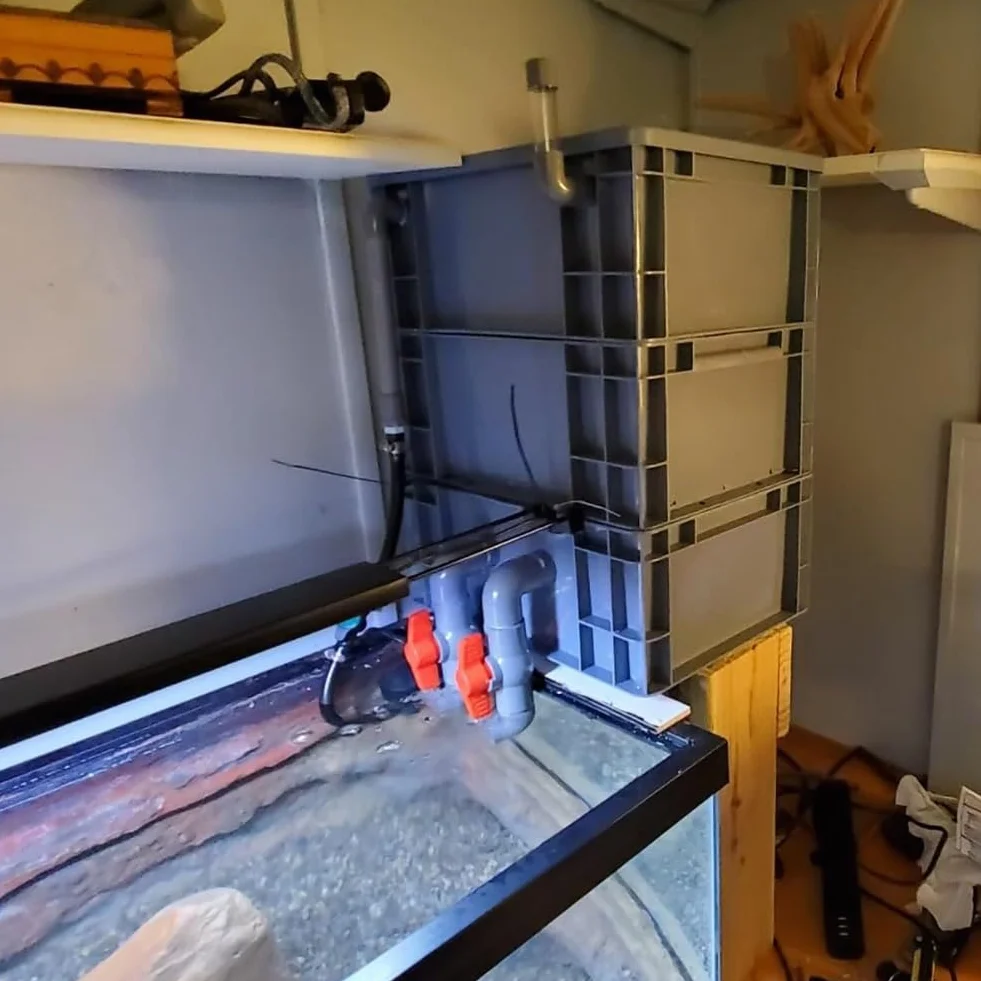 Kit di filtri per acquario, sistema di ciclo dell'acqua a 3 livelli per acquari e stagni, facile da pulire, montaggio rapido, ideale per acqua dolce e salata, soluzione di filtraggio efficiente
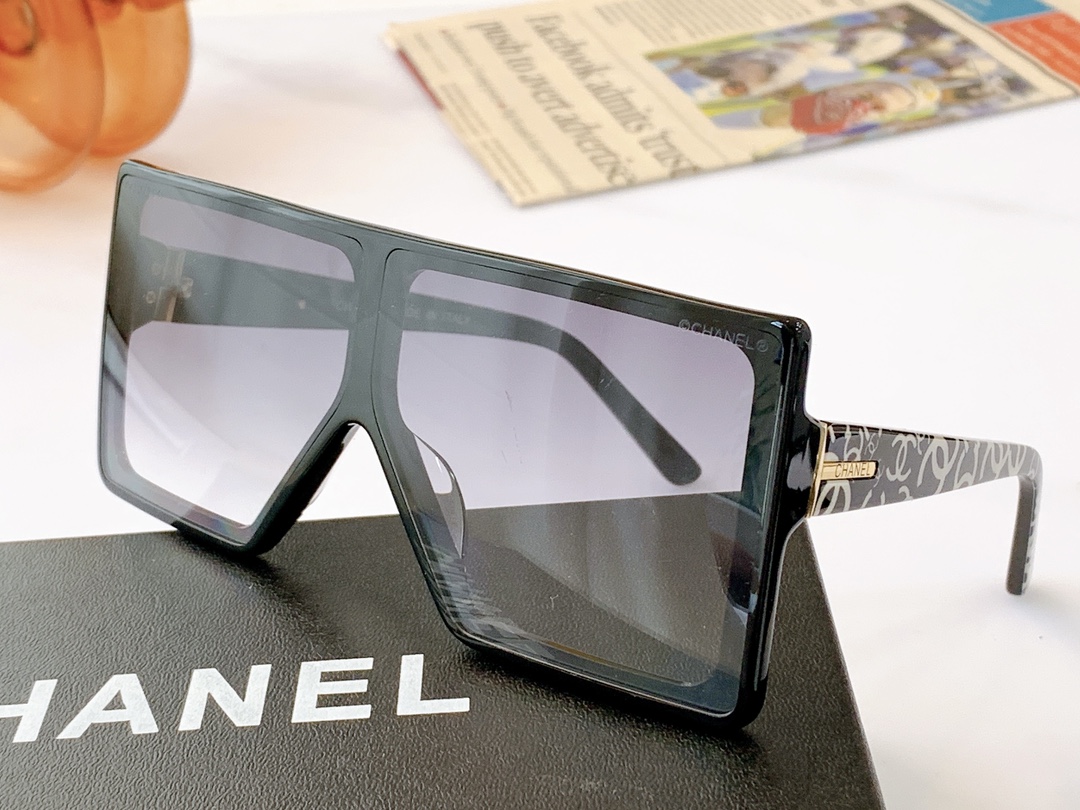 C*hanel Glasses Top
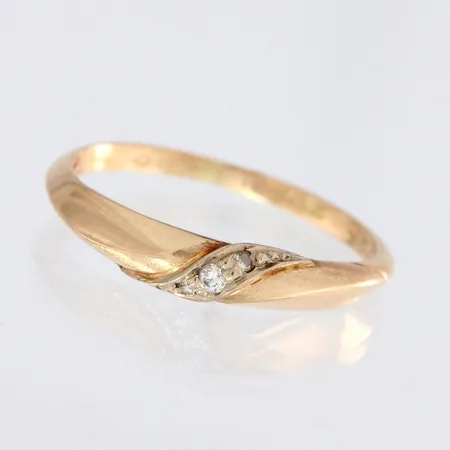 Timanttisormus 3xn.0.01ct, koko 19, 585, paino 1,9g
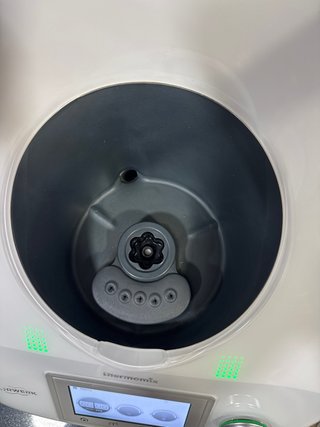 Thermomix TM5 y todos los accesorios.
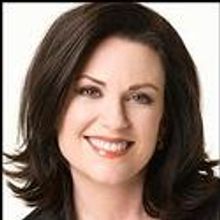 Megan Mullally Talks Leaving LIPS TOGETHER, Sean Hayes & More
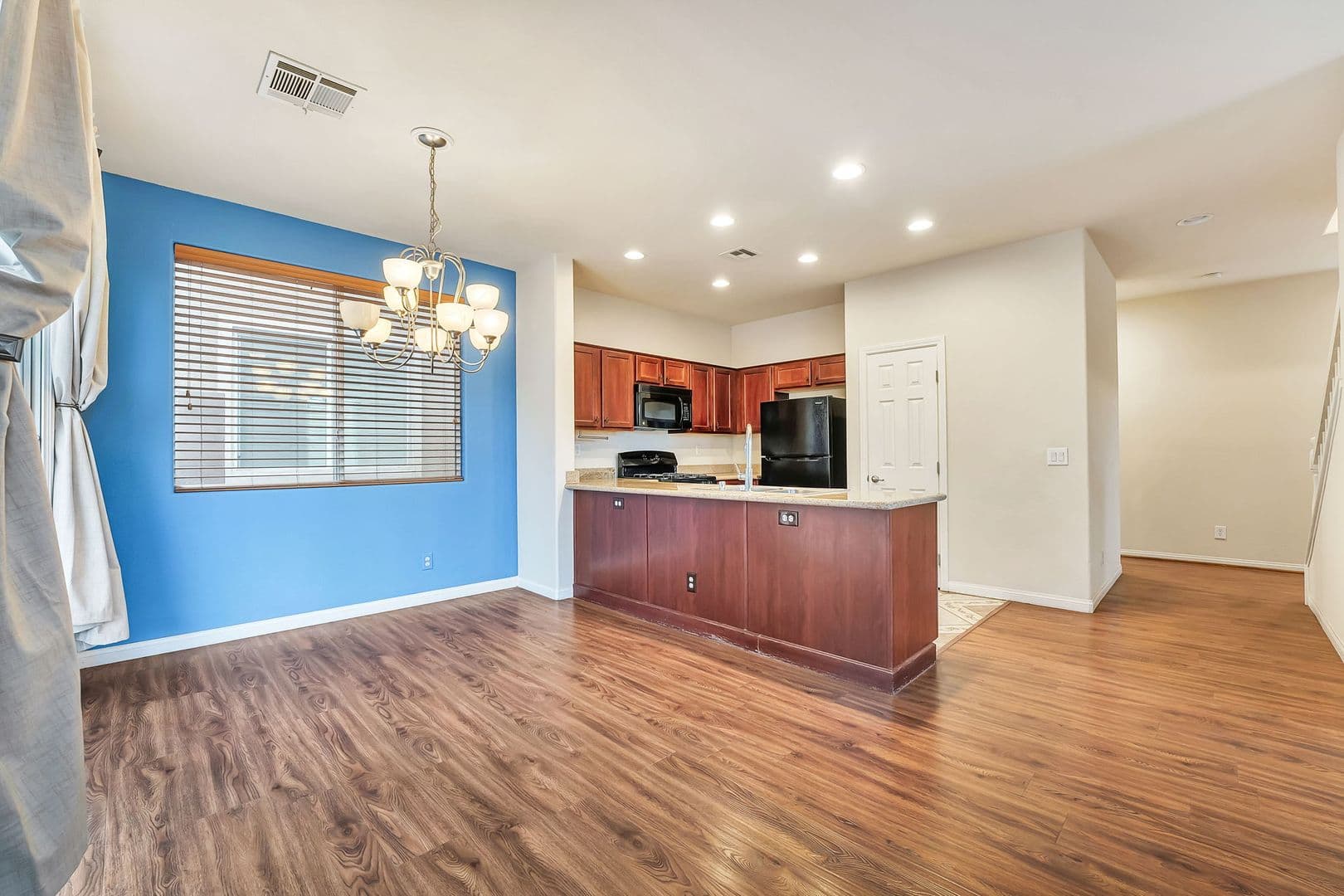 Las Vegas House: 168 Red Tee Lane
━━━━━━━━━━━━━━━━
*What is expected*. This calls for each record above to be set down exactly, with the images skipped.

*Task result*.
 Kit di filtri per acquario, sistema di ciclo dell'acqua a 3 livelli per acquari e stagni, facile da pulire, montaggio rapido, ideale per acqua dolce e salata, soluzione di filtraggio efficiente
 C*hanel Glasses Top
 Timanttisormus 3xn.0.01ct, koko 19, 585, paino 1,9g
 Thermomix TM5 y todos los accesorios.
 Megan Mullally Talks Leaving LIPS TOGETHER, Sean Hayes & More
 Las Vegas House: 168 Red Tee Lane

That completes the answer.